The three returned objects are just different forms of the same output. If one is interested in a Mahalanobis metric over the original data space, the first argument is all she/he needs. If a transformation into another space (where one can use the Euclidean metric) is preferred, the second returned argument is sufficient. Using A and B are equivalent in the following sense:

if y1 = A * x1, y2 = A * y2 then

(x2 - x1)^T * B * (x2 - x1) = (y2 - y1)^T * (y2 - y1)

Value

A list of the RCA results:

• B: The RCA suggested Mahalanobis matrix. Distances between data points x1, x2 should be computed by (x2 - x1)^T * B * (x2 - x1)

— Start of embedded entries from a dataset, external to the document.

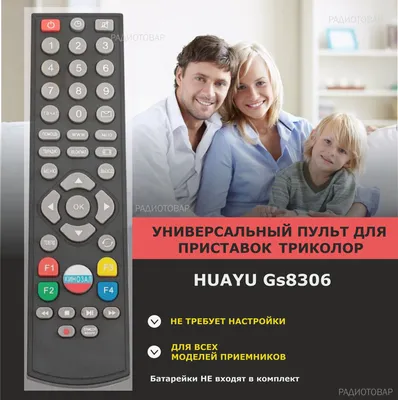 Пульт ДУ для TRICOLOR (ТРИКОЛОР) GS8300M подходит к следующим моделям: для  спутникового ресивера General Satellite GS8300M.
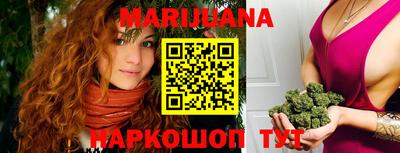 гашиш Краснодар
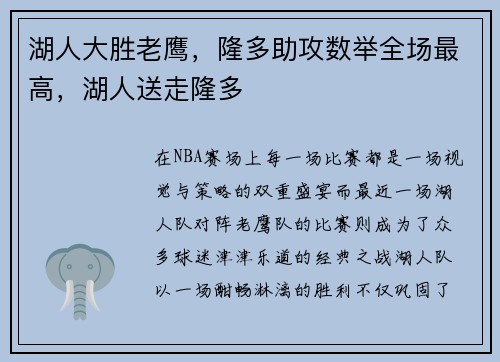 湖人大胜老鹰，隆多助攻数举全场最高，湖人送走隆多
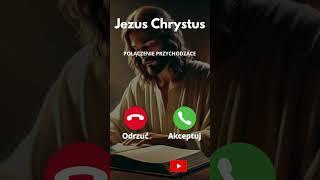 Jezus  #chrystus  #jezus #bóg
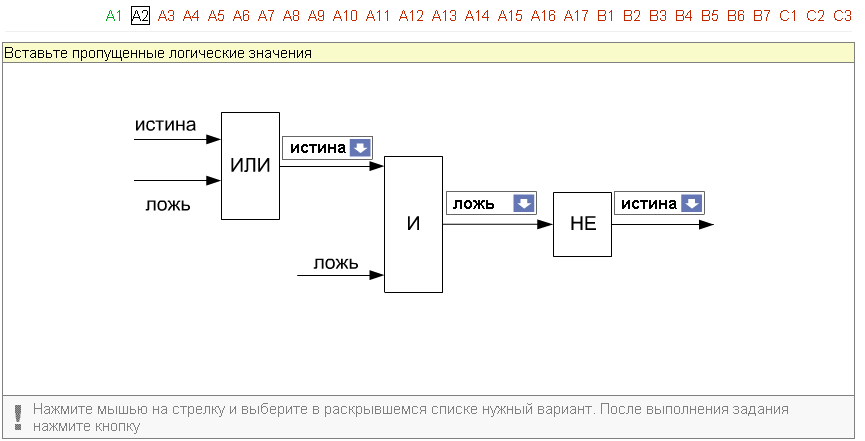 Урок по информатике на тему Основы логики (10-11 классы)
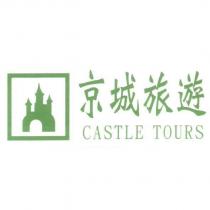 京城旅遊 CASTLE TOURS 及圖
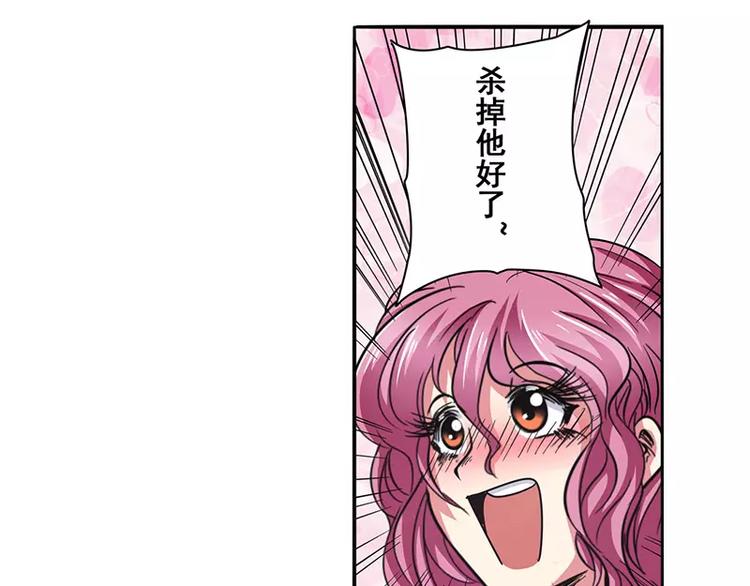 英雄再临（英雄？我早就不当了）韩漫全集-第50话无删减无遮挡章节图片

• RCA: The RCA suggested transformation of the data. The data should be transformed by RCA * data

• newX: The data after the RCA transformation. newX = data * RCA

Note

Note that any different sets of instances (chunklets), e.g. {1, 3, 7} and {4, 6}, might belong to the same class and might belong to different classes.

Author(s)

Nan Xiao <https://nanx.me>

References

Aharon Bar-Hillel, Tomer Hertz, Noam Shental, and Daphna Weinshall (2003). Learning Distance Functions using Equivalence Relations. Proceedings of 20th International Conference on Machine Learning (ICML2003)

Examples

library("MASS") # generate synthetic multivariate normal data
set.seed(42)
k <- 100L # sample size of each class
n <- 3L # specify how many classes
N <- k * n # total sample size
x1 <- mvrnorm(k, mu = c(-16, 8), matrix(c(15, 1, 2, 10), ncol = 2))
x2 <- mvrnorm(k, mu = c(0, 0), matrix(c(15, 1, 2, 10), ncol = 2))
x3 <- mvrnorm(k, mu = c(16, -8), matrix(c(15, 1, 2, 10), ncol = 2))
x <- as.data.frame(rbind(x1, x2, x3)) # predictors
y <- gl(n, k) # response

# fully labeled data set with 3 classes
# need to use a line in 2D to classify
plot(x[, 1L], x[, 2L],
  bg = c("#E41A1C", "#377EB8", "#4DAF4A")[y],
  pch = rep(c(22, 21, 25), each = k)
)
abline(a = -10, b = 1, lty = 2)
abline(a = 12, b = 1, lty = 2)

# generate synthetic chunklets
chunks <- vector("list", 300)
for (i in 1:100) chunks[[i]] <- sample(1L:100L, 10L)
for (i in 101:200) chunks[[i]] <- sample(101L:200L, 10L)
for (i in 201:300) chunks[[i]] <- sample(201L:300L, 10L)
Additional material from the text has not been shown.